Building Better Docker Images

It’s been about eight months since I wrote down some of my thoughts on building good docker images. The docker ecosystem has continued moving quickly and I’m pleased to say that most of the principles listed in the old article have aged well. I don’t have a ton to add, but here’s a few things that I’ve discovered since then:

  • Base images off of Alpine

    alpine is a 5 megabyte image based on Alpine Linux (Docker hub link). Despite being small, it comes with a package manager (apk) with access to a well-maintained, modern package repository. This base image is ideal for building tiny application containers (e.g. a 6 MB redis image, a 17 MB node.js 0.10 image, a 6 MB PostgreSQL client).

    Alpine presents some challenges if you need to stray beyond the package manager. Alpine uses musl libc, so most dynamically-linked “Linux” binaries that you can download off the web will not run. Instead, you may find yourself building from source, in which case it’s helpful to know that the Alpine build-base package is roughly equivalent to Debian’s build-essential. Alpine’s default shell is ash, but you can install bash through the package manager if you need or prefer.

  • Write tests

    I picked this up from the bright guys at Aptible. When you want to guarantee that your image has a certain feature set, it can be useful to run a suite of tests as part of the Dockerfile. If the image is just for you, this is probably overkill, but if other people are using or building off of your image, or if you want to make things explicit and maintainable (e.g. for others on your development team), it can be very helpful.

    With tests in the Dockerfile, a compiled and published image comes with guarantees about the image’s behavior. If you try to rebuild the image and the tests fail, you get some indication of what’s changed since then (typically some external state, as discussed in the previous article).

    Here’s an example of some simple tests from my jbergknoff/sass repository (link):

    #!/bin/sh
    echo --- Tests ---
    
    echo -n "it should install sassc 3.2.1... "
    sass -v | grep sassc | grep "3.2.1" > /dev/null
    [ "$?" -ne 0 ] && echo nope && exit 1
    echo ok
    
    echo -n "it should compile SCSS... "
    echo '$blue: #00f; .thing { color: $blue; }' > /tmp/test.scss
    sass /tmp/test.scss | grep "color: #00f" > /dev/null
    [ "$?" -ne 0 ] && echo nope && exit 1
    rm /tmp/test.scss
    echo ok
    

    This content is in a file test.sh which gets RUN as part of the Dockerfile. If a test fails, the Dockerfile build fails.

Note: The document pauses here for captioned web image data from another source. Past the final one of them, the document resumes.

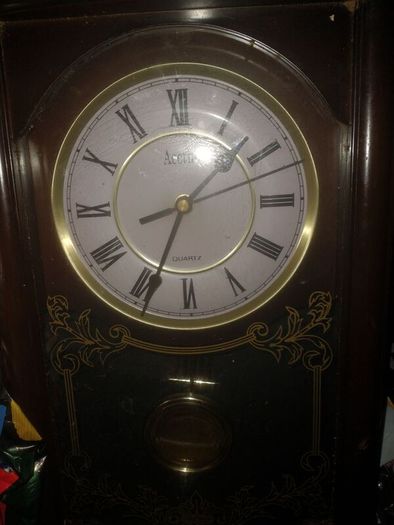 clock with battery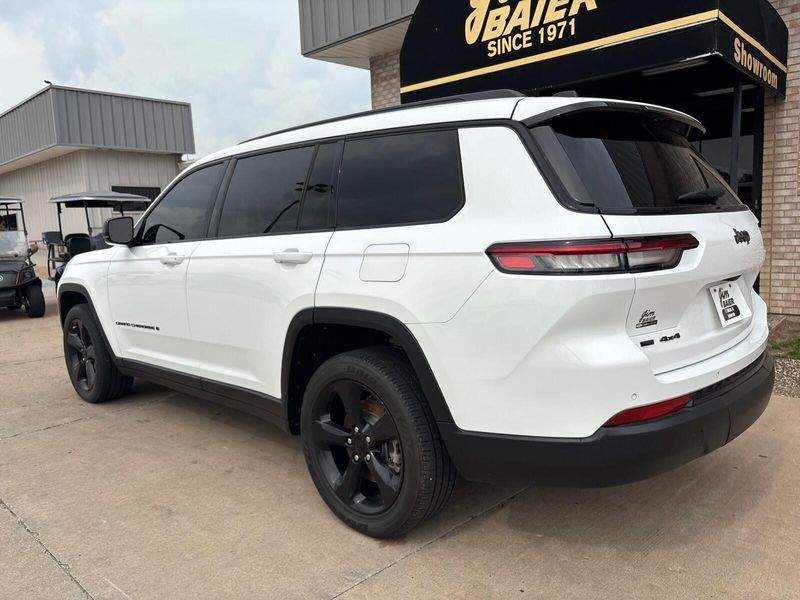 2021 Jeep Grand Cherokee L AltitudeImage 12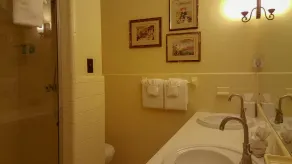 Andrew Morris House Bed and Breakfast - Image 4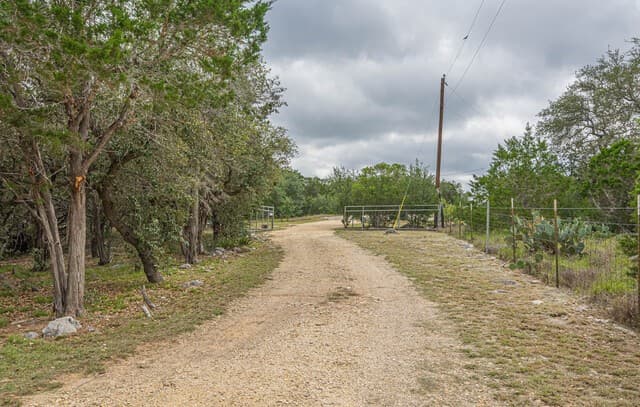 Home for sale at 374 W County Road 2481 in Hondo, TX — photo 4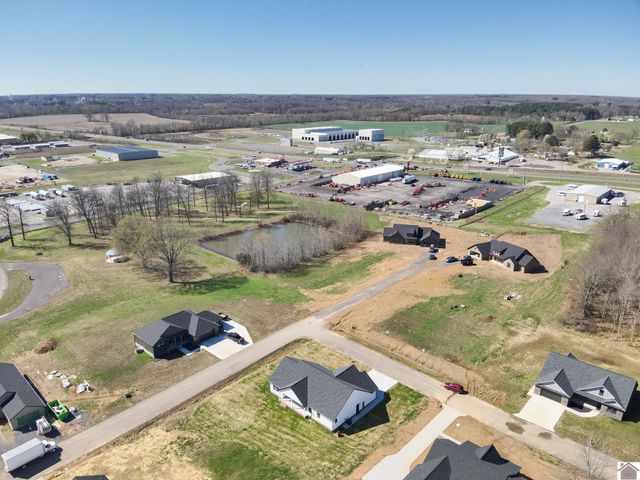 16 Ellie Court, Mayfield, KY 42066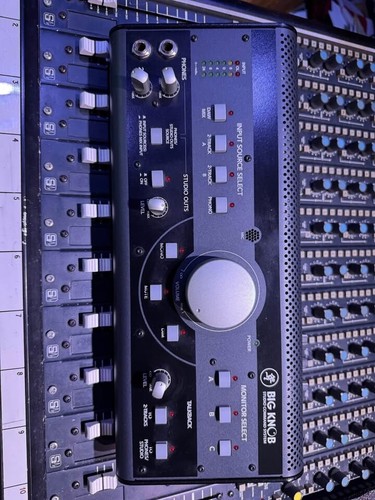 Mackie big knob - mackie,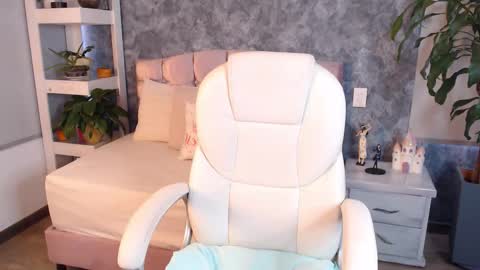 Niko Robin online show from 09.22.25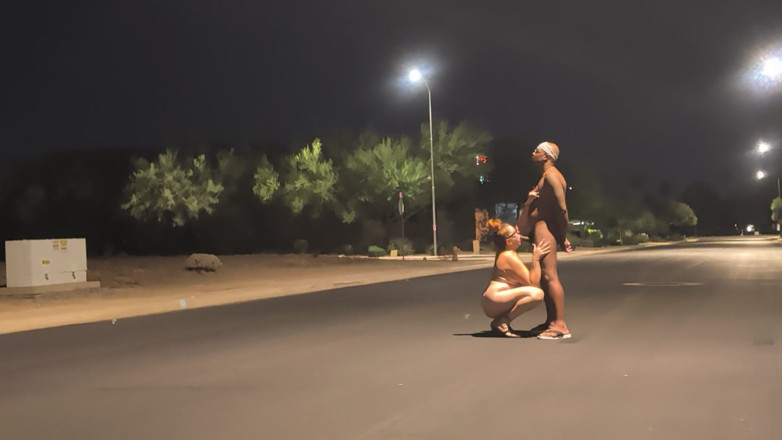 Rendezvousing Assets: Di bawah Lampu Jalan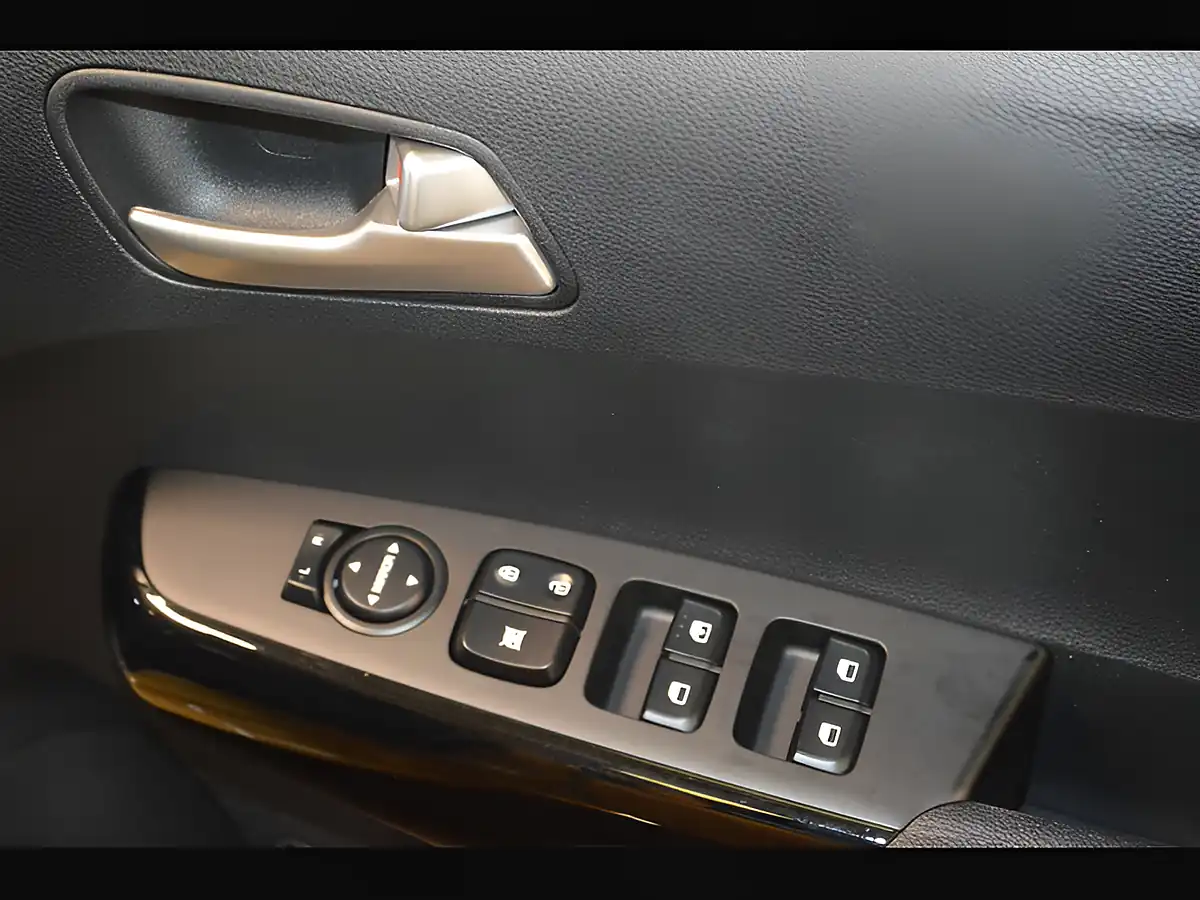 Used 2024 Kia Picanto 2 Honey Bee - Interior and Exterior details 14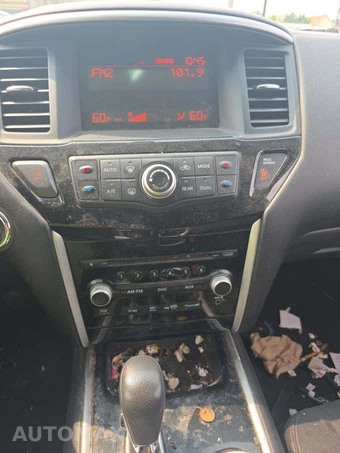 2013 Nissan Pathfinder S - miniatura 10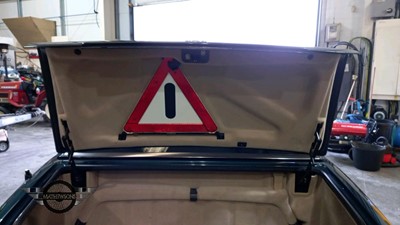 Lot 47 - 1996 MERCEDES SL 320 AUTO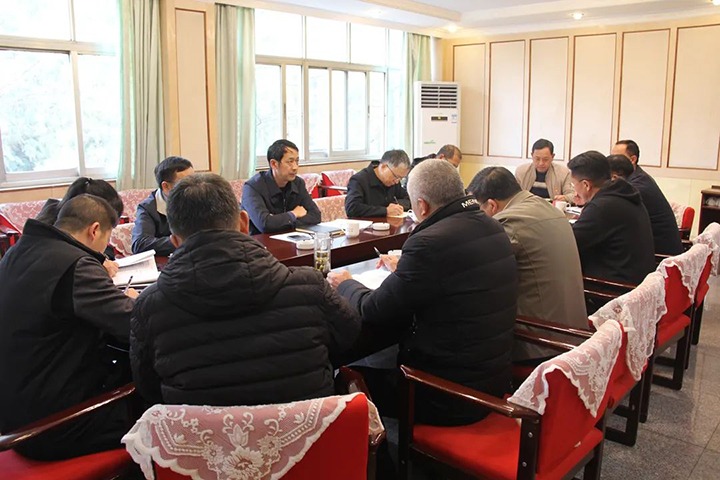 云煤（创世大发）集团党委委员、副总司理缪和星一行到田坝煤矿公司指导2022年度民主生涯会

    If you’d prefer a test runner/framework, consider bats. It’s a light wrapper around bash scripting, adding some structure for testing (the ability to skip tests, setup/teardown steps, etc.).

  • Use scripts

    Sometimes it makes sense to break out a part of a Dockerfile into a shell script. For instance, while it’s good to clean up after installing a package through a package manager, it can get awkward to have a long && chain in a RUN command just to enforce cleanliness.

    Instead, consider making a script. Here is another example from jbergknoff/sass, the build.sh script (link):

    #!/bin/sh
    
    # build
    apk --update add git build-base
    git clone https://github.com/sass/sassc
    cd sassc
    git clone https://github.com/sass/libsass
    SASS_LIBSASS_PATH=/sassc/libsass make
    
    # install
    mv bin/sassc /usr/bin/sass
    
    # cleanup
    cd /
    rm -rf /sassc
    apk del git build-base
    apk add libstdc++ # sass binary still needs this because of dynamic linking.
    rm -rf /var/cache/apk/*
    

    This script is responsible for grabbing the SASS source code, building it, and then cleaning up. Obviously the final image (a 9 megabyte SASS application container) shouldn’t have git installed, but imagine encoding that entire sequence as one big RUN simply to keep git out. It seems incongruous.

    Because all of the installation and cleanup happens in one RUN command, there is no extra bloat hanging around (recall that files introduced in one RUN and removed in a subsequent RUN are still taking up space in the image). This technique can help all sorts of Dockerfiles, making them cleaner and easier to understand. In the case of building from source, it’s almost always beneficial.